» Exercise prompt: Retype all data exactly as given. Pictures should not be retyped.

Stored data entries
- - - - -

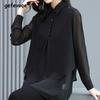 Spring Autumn Korean Style Black Elegant Fashion Double Layer Pullover Casual Chiffon Shirt Women Lapel Long Sleeve Blouse 5XL
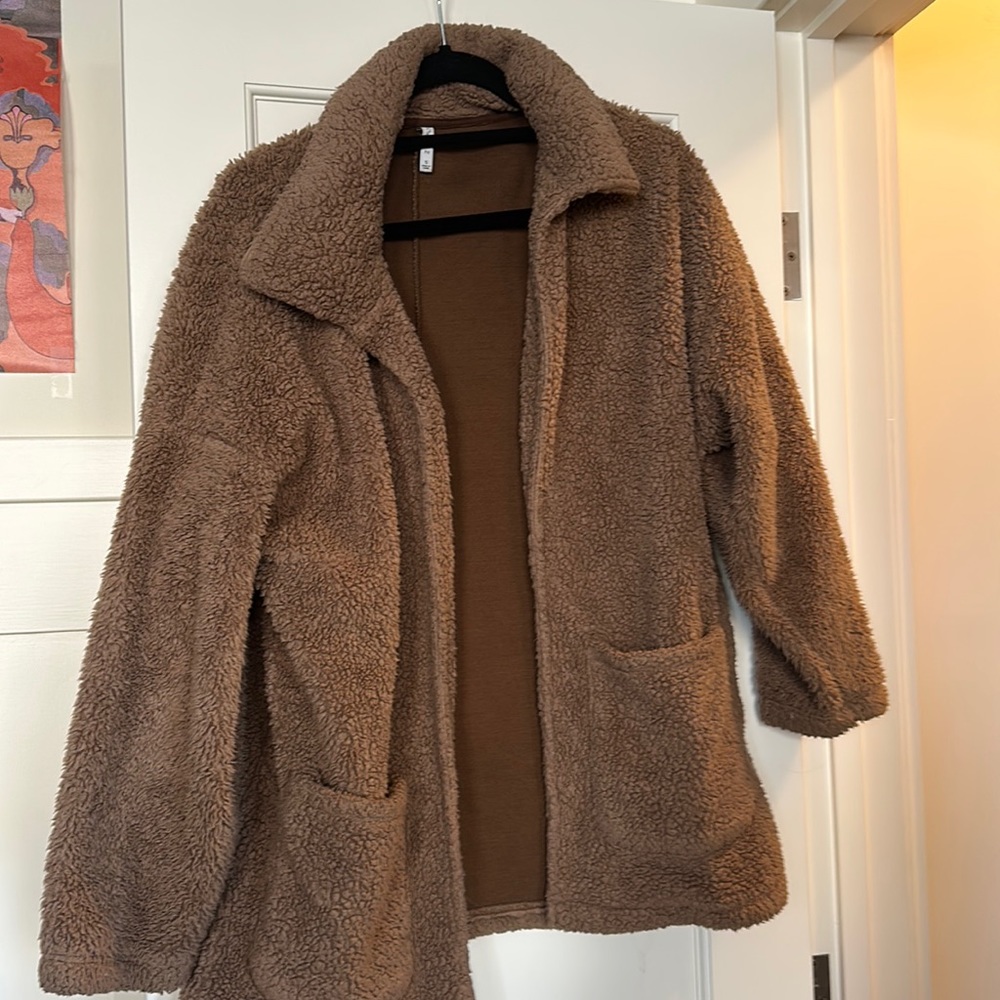 Oversized Brown Faux Fur Coat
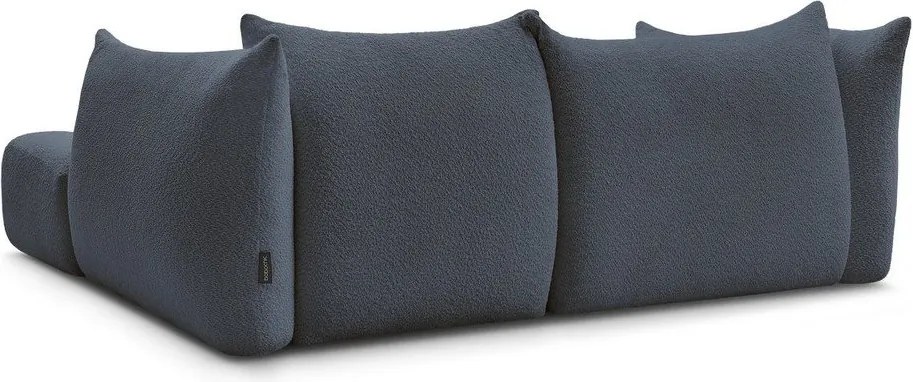 Colțar albastru închis cu tapițerie din țesătură bouclé (cu colț pe partea dreaptă/cu șezlong) Azra – Bobochic Paris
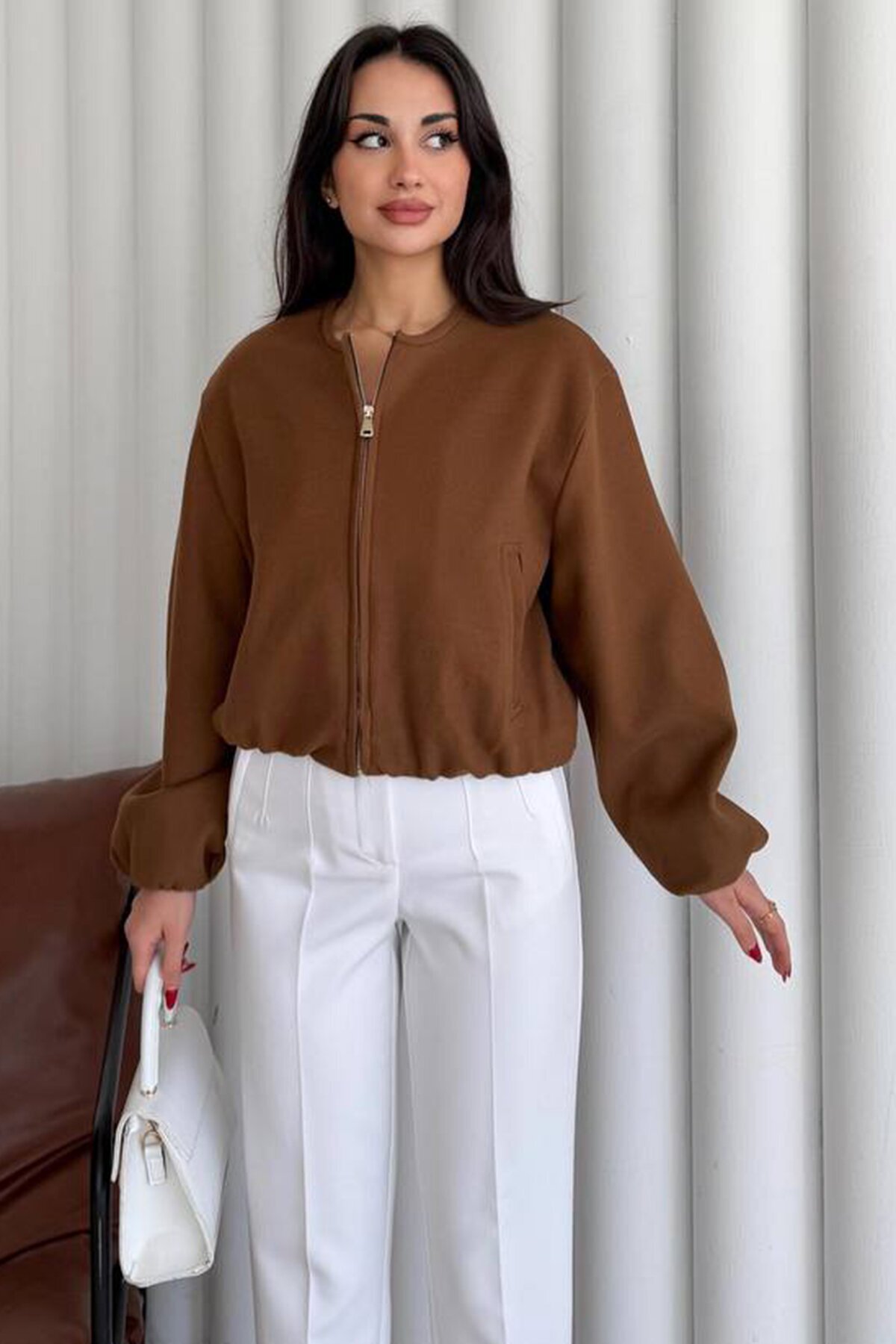 Bisiklet Yaka Fermuarlı Bomber Ceket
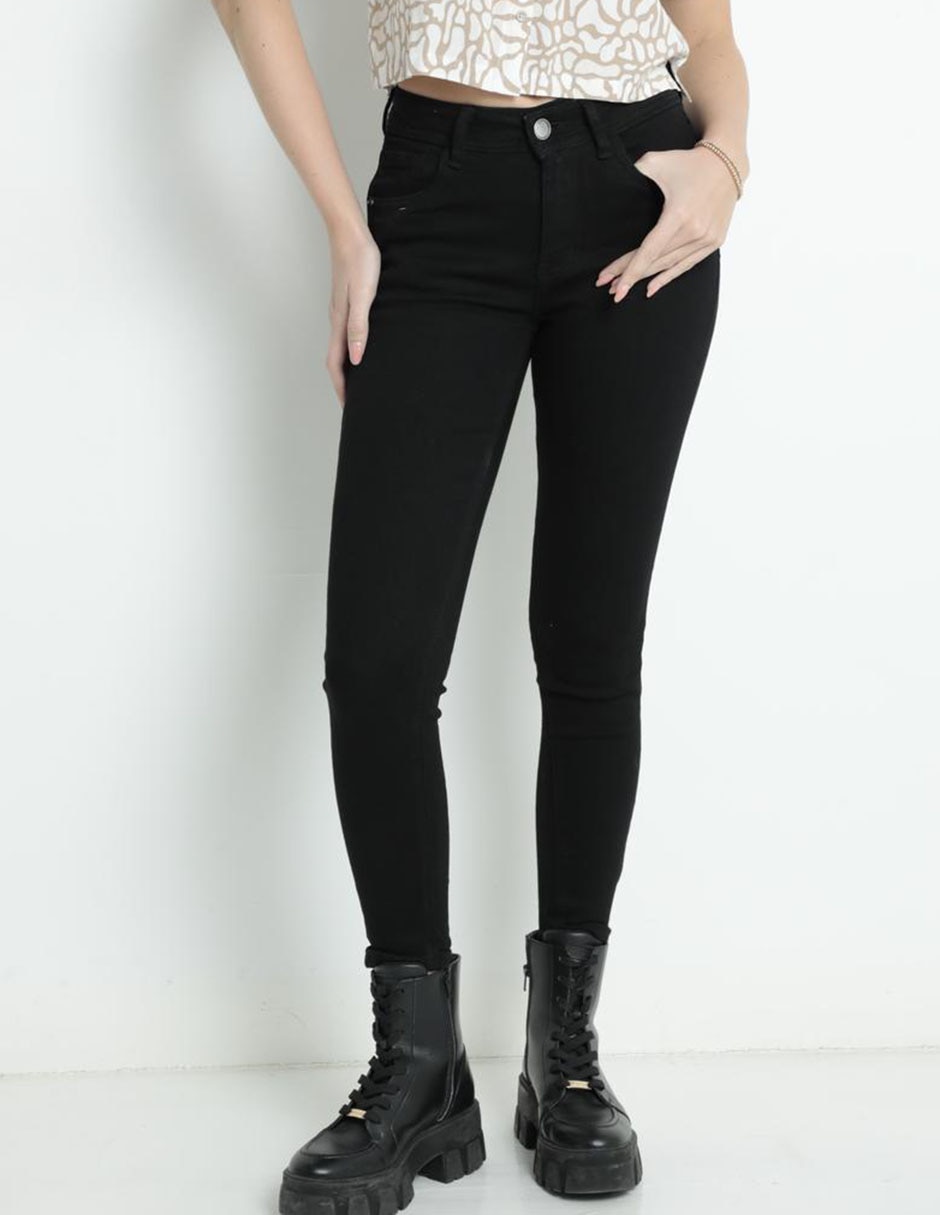 Jeans skinny corte cintura para mujer 1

- - - - -

» Exercise result:
 Spring Autumn Korean Style Black Elegant Fashion Double Layer Pullover Casual Chiffon Shirt Women Lapel Long Sleeve Blouse 5XL
 Oversized Brown Faux Fur Coat
 Colțar albastru închis cu tapițerie din țesătură bouclé (cu colț pe partea dreaptă/cu șezlong) Azra – Bobochic Paris
 Bisiklet Yaka Fermuarlı Bomber Ceket
 Jeans skinny corte cintura para mujer 1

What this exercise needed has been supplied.